In the early days of programming, programming work was often not properly understood as work. In the context of hardware and systems development where hardware was the largest part of the expense, programming was often considered just the construction of data to go into the machines. And of course data implies information, something somebody knows, not work that has to be done.
Artificial creativity requires design of the content. One has to take content and put it in some sort of technological format. Today content is often considered just 'data' to be input in to a program and not work to be done. But to organize the content to be used in an artificially creative program requires work. One must spend large amounts of time and effort. Consider this sort of work 'content programming'.
The problem that artificial creativity faces as the result of the evolutionary process is that the tendencies for most software systems, is to reduce human creativity. Since artificial creativity is built as an add-on to human creativity, many times the tendency to reduce creativity in systems does not allow artificial creativity to evolve naturally out of a system. Things like text boxes and drop downs and pick lists are highly uncreative because most times they both constrain the context of what is being requested of the user, and also constrain the possible responses. Software is usually built this way.
Thus organically developed systems do not often develop into artificially creative systems. Perhaps online communities will.
To develop artificially creative systems organically we would have to do this: The evolutionary path to artificial creativity is through larger text boxes rather than smaller, systems where drop down lists can be added to by the users, systems in which the context can be changed by the users - i.e. the text box now means something a little different.
The first layer of the onion of artificial creativity is to pick something randomly from a list. For example I might have a list of countries and randomly pick one from the list to say which country a character I was generating was born in.
The second layer of artificial creativity is a multi-selection list in which the items once selected are combined to produce somethig new. For example if you had a list of colors and color attributes and picked three: 'red', 'yellow', and 'dark', you would end up with a combination of these which would be something like brown. I call this combination an 'endeme'.
The third layer of artificial creativity is what I call a 'theme'. what a theme does is it coordinates a number of endemes for various different characteristics.

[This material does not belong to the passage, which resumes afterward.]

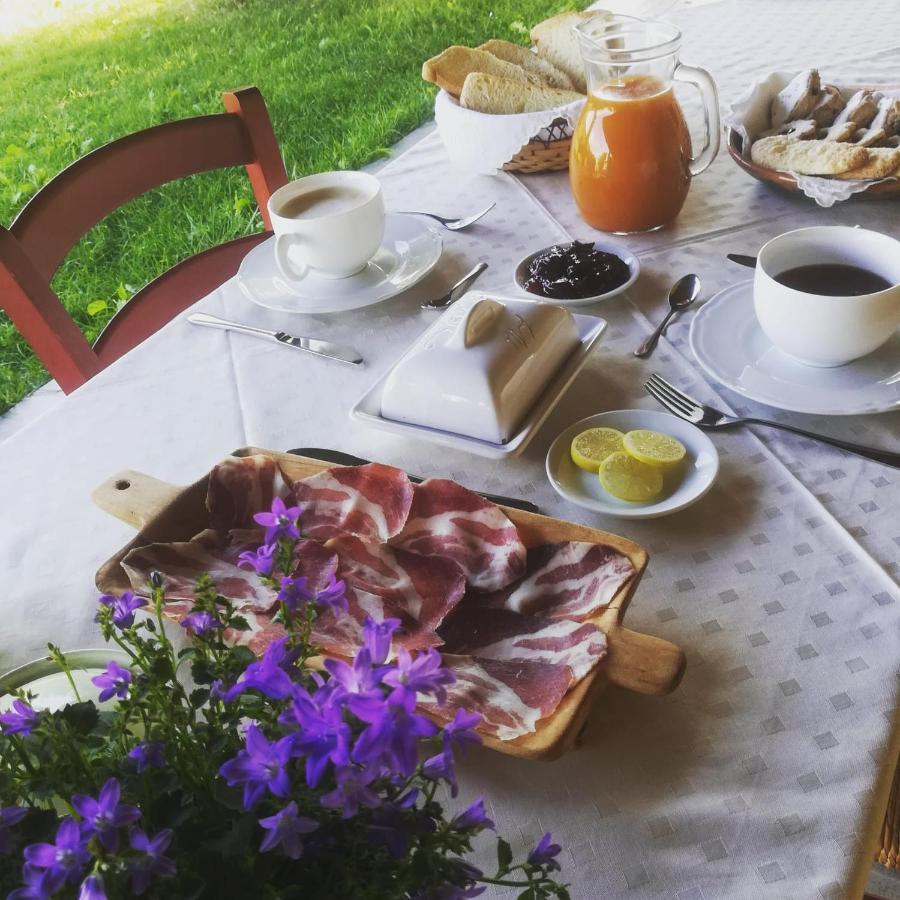 Agriturismo Carrucana Martis Екстериор снимка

For example a character in a story will have a name, origin, various personality traits, various abilities, a role in the story and so on. There will be endemes for each one of these things. Something that coordinates these would be called a theme. In this example the character theme might be something like hero.
I don't know how to build themes or apply them. One place I will have to do something like this is in the production of sentences. I can produce a word using an endeme using my long list of words, but producing a sentence will be more like a theme. It will coordinate the construction of the words of the sentence. I'll think about it.